Galore is the leader of Pussy Galore's Flying Circus, a group of women aviators connected with Goldfinger's "Operation Grand Slam" (played in certain scenes by stuntmen in blonde wigs). In a later scene, Galore uses judo to attack Bond after she catches him eavesdropping on Goldfinger's plan, and turns him over to Goldfinger. However, Bond corners Galore in a barn and forcibly holds her down and kisses her. She initially tries to fight him off, but as he overpowers her, she eventually succumbs. She then secretly turns against Goldfinger; she alerts the Central Intelligence Agency to her employer's scheme, and they help her replace the deadly nerve gas that Goldfinger is planning to have her aviators spray over Fort Knox with a different, harmless substance.

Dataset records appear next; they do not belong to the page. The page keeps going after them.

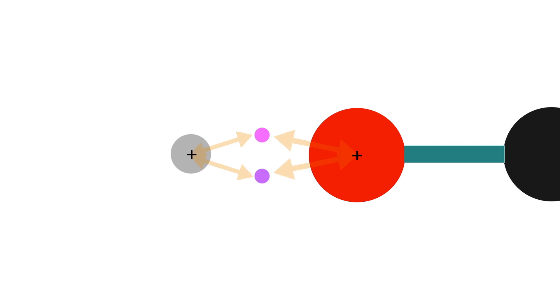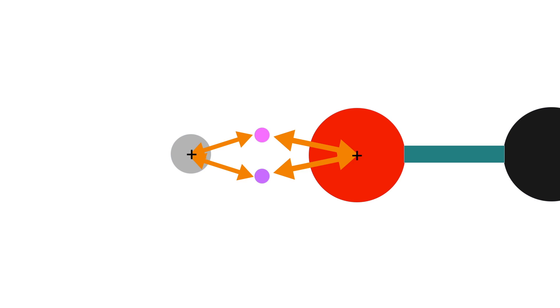This is because each of the two positively charged nuclei are attracted by electrostatic forces to the shared pair of electrons. It is this mutual electrostatic attraction to the bonding electrons that holds the two atoms together and constitutes the chemical bond.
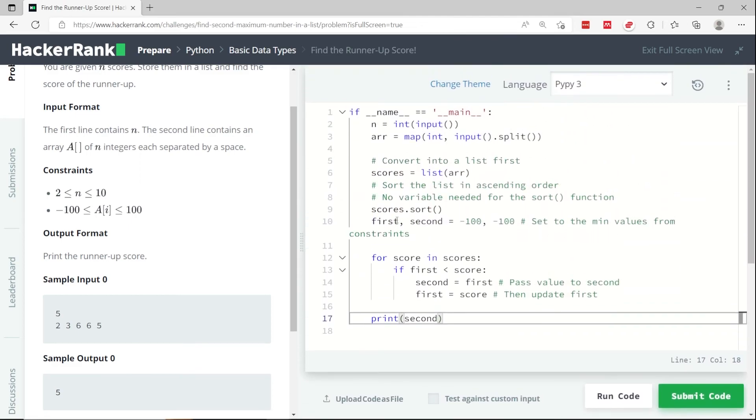So that's it for find the runner-up score. It was in Python. If you like my Python solutions and my tutorials, please subscribe to my channel, and I'll catch you next time.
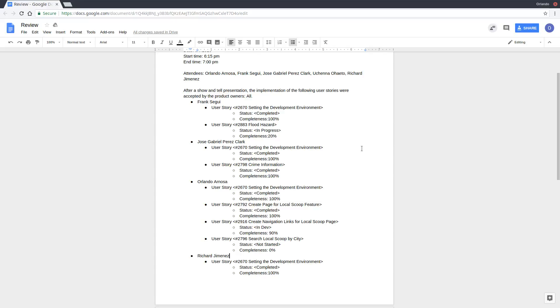Besides that, Frank was working on UserStory 2883, which was the flood hazards. It is still in development, so it will be carried over to the next Sprint. It has a completeness percentage of about 20%.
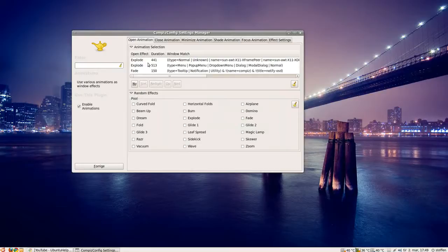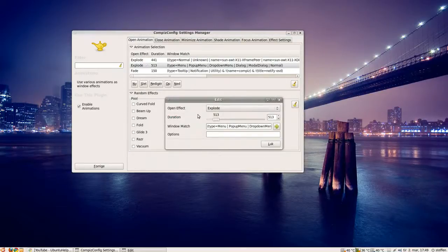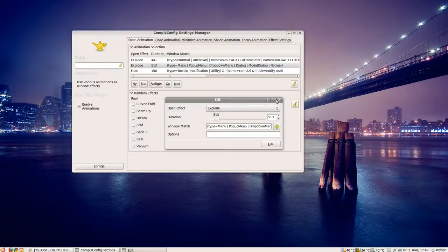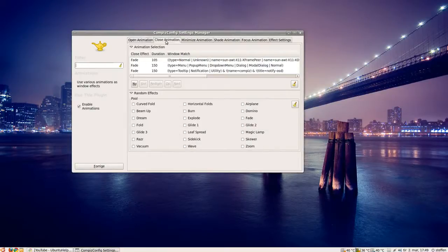And if I open again, you'll see the explode effect. And the same with the close animation.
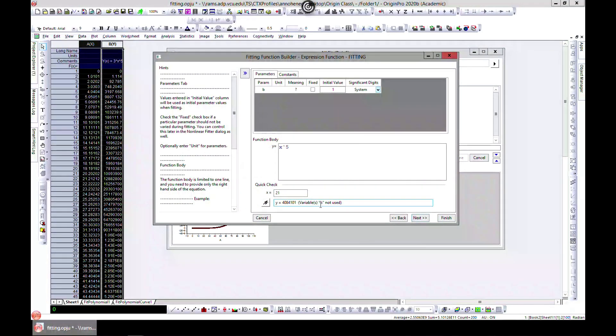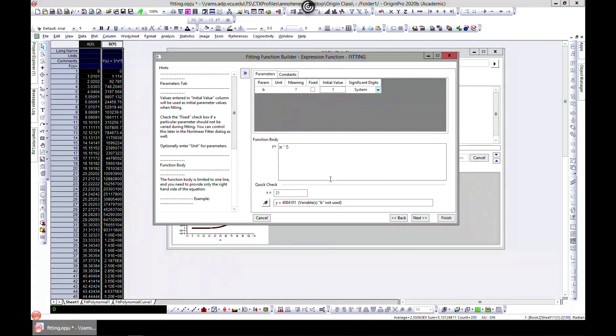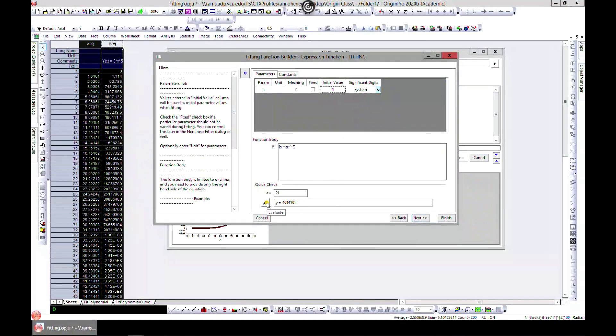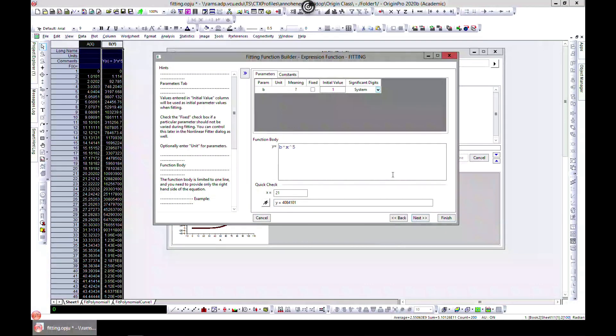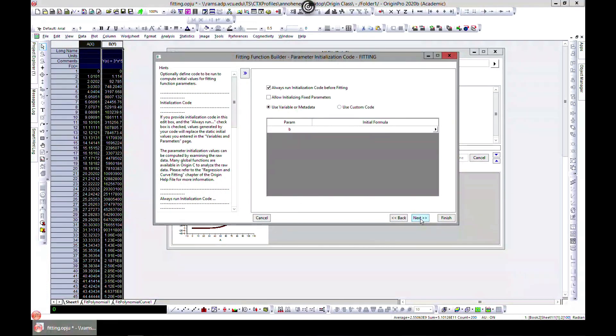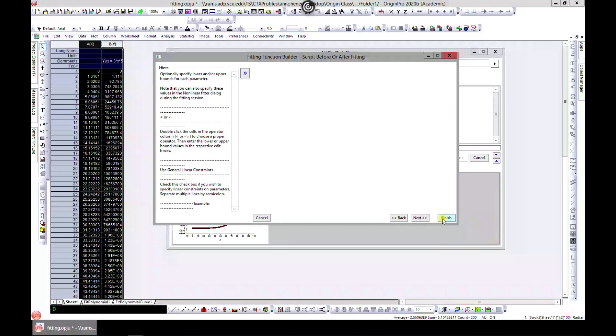From here you can go to Next and hit Finish. Now we are done.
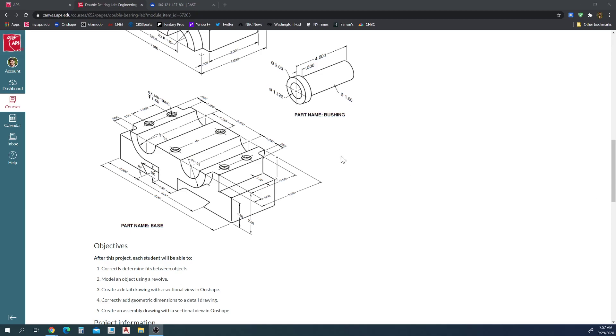Hey, how's it going? This tutorial I want to cover how to create threaded holes using the hole tool in Onshape.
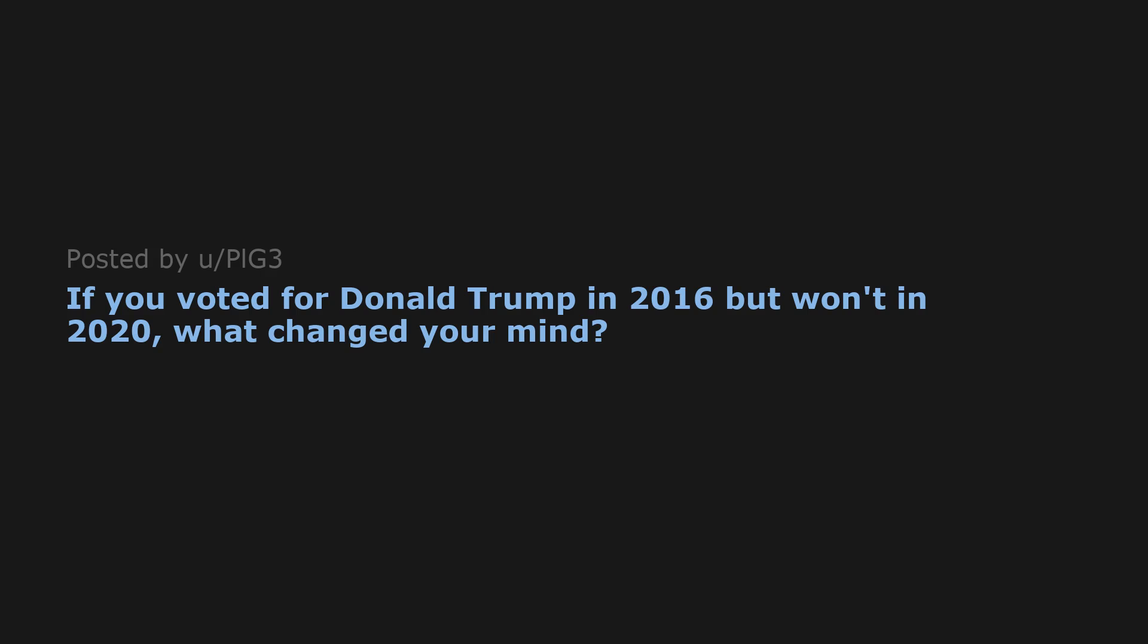If you voted for Donald Trump in 2016 but won't in 2020, what changed your mind?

Having foiled Goldfinger's plan, Bond boards the President's private plane to travel to the White House. Goldfinger, now a fugitive, forces Galore to participate in hijacking the plane to force the pilot to fly him to Cuba. However, Bond defeats Goldfinger by shooting out the plane's window and causing him to be sucked out of the plane at high altitude and to plunge to his death. Bond then saves Galore from the crashing plane: they both bailout and land safely in an unidentified tropical region, and are presumed to have sex under their parachute.

==Reception==
Pussy ranked second in a poll of favourite Bond girls by Entertainment Weekly in 2007, beaten only by Ursula Andress's character Honey Ryder from Dr. No (1962). Yahoo! Movies had her name included in the 2012 list of the best Bond girl names, calling it "The most famous Bond Girl name, and also the rudest – U.S. censors almost cut it from Goldfinger."

Elisabeth Ladenson wrote that she is one of "two memorable lesbians" from Fleming's Bond novels (the other being Rosa Klebb).

==In popular culture==
The 1997 parody film Austin Powers: International Man of Mystery features a character named Alotta Fagina (Fabiana Udenio), in an apparent reference to Galore and other Bond girls with salacious names.

The Rolex GMT-Master reference 6542 is nicknamed "Pussy Galore", as the movie character wears this particular watch.